I polished up the handle so carefullee...

Updated

Incidentally, does anybody want to know why it is that the NSA can be collecting metadata on everybody's phone calls for the last seven years but when the Department of Justice wants the same information on 20 AP reporters over a two-month period they have to go to the AP with a warrant and ask for it?
H.M.S. Pinafore. Image from Leo Weekly, Louisville.
I imagine it's because they have a much better chance of getting what they want in a format they can use. Maybe the DOJ isn't even allowed to talk to NSA, but at least they probably just don't know how to, like FBI and CIA. And would rather not try, because they hate each other. Also, the NSA's information will turn out to be fantastically flawed.

Listen, every time you open up the GoogleBooks database you find an idiotic metadata mistake: like listing vol. 1567 of the US Congressional Edition, 1870, as being published in the year 1567, and the 1968 Handbook of Labor Statistics in 1600 (it's actually Bulletin no. 1600), so that if you do an n-gram search for the frequency of the word "expenditure" it shows these astonishing little leaps in the late 16th century, based entirely on bad coding. That's not the NSA, that's Google. Do you seriously think 10,000 government servants working in conditions of absolute secrecy can't do a worse job than Google, in all its glory?

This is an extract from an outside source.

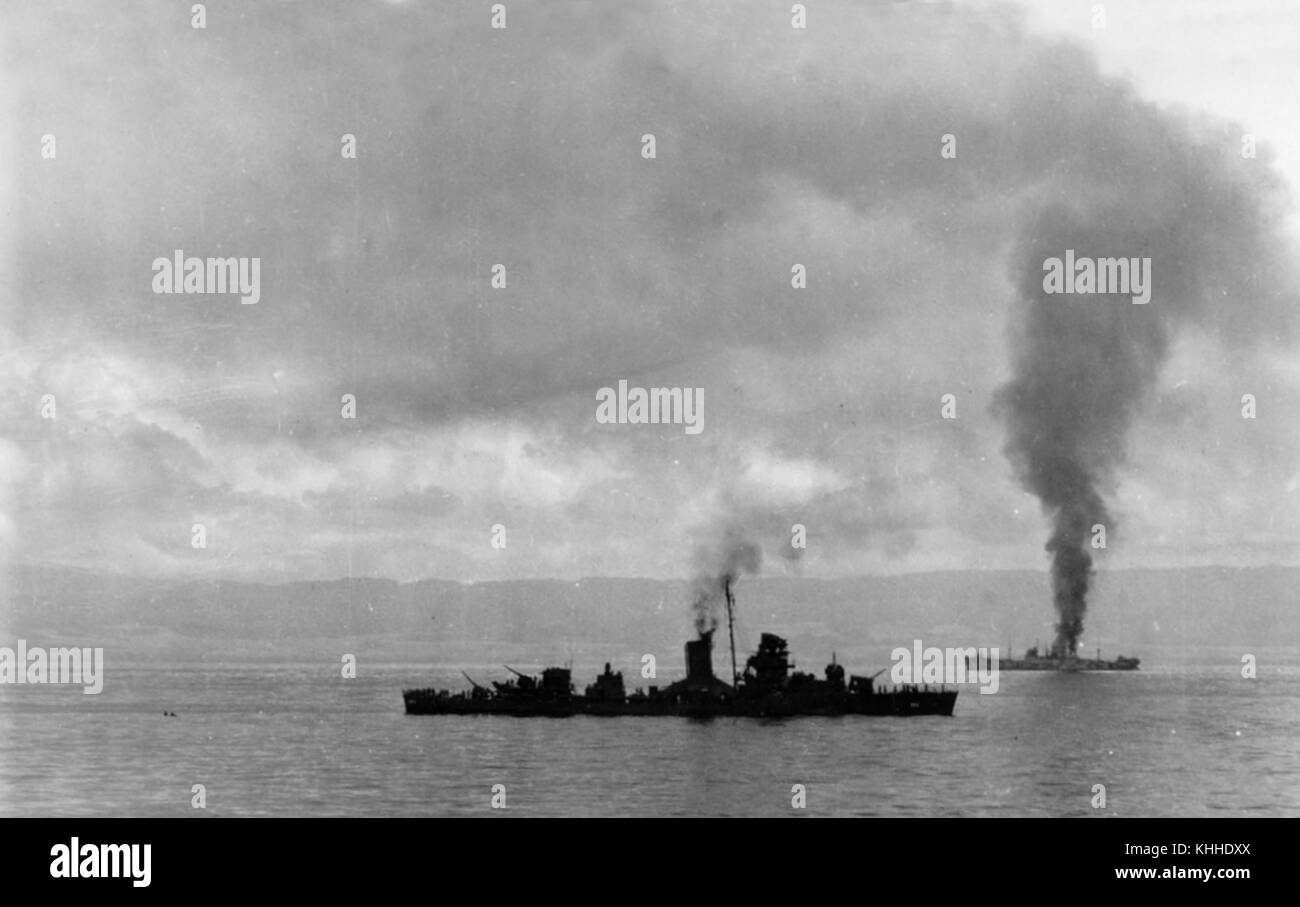 USS Jarvis (DD-393) et USS George F. Elliott (AP-13) a frappé au large de Guadalcanal 1942 Banque D'Images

Because if you give a government agency a worthwhile task to do in the open, they can do great things—really!—but if it is stupid, wasteful, and done in secret, they're going to make it worse. This is an ineluctable rule of fat government, and it's why the war departments are always the worst-run institutions in a given country, because they are where the mission managers congregate to suck up after one another and plan their promotions, from polishing up that handle (on the Big Front Door) to "writing" a revised manual of counterinsurgency strategy.

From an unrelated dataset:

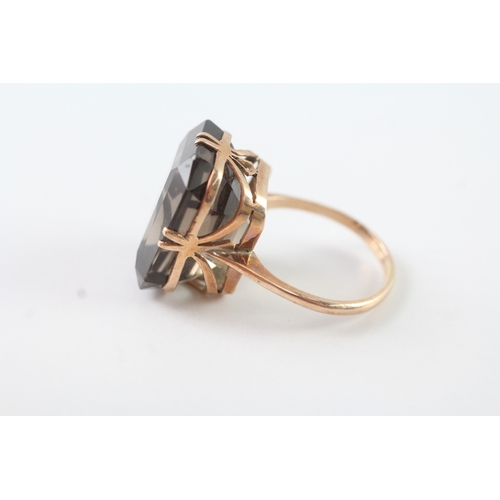 26 - 9ct rose gold smokey quartz dress ring (7.5g) Size P 1/2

Putting it coarsely: If our national security establishment ever manages to build itself a dick of what it regards as the requisite size, will it be able to avoid stepping on it? I think not.
Image via HLN TV.
Update September 29:

The NSA is indeed not allowed to share data with FBI, CIA, or the National Counterterrorism Center. The proof is that they did it, apparently by mistake, allowing 250 analysts access to it between 2006 and 2009 when "the problem had been fixed". From a story of September 11 (!) at International Business Times.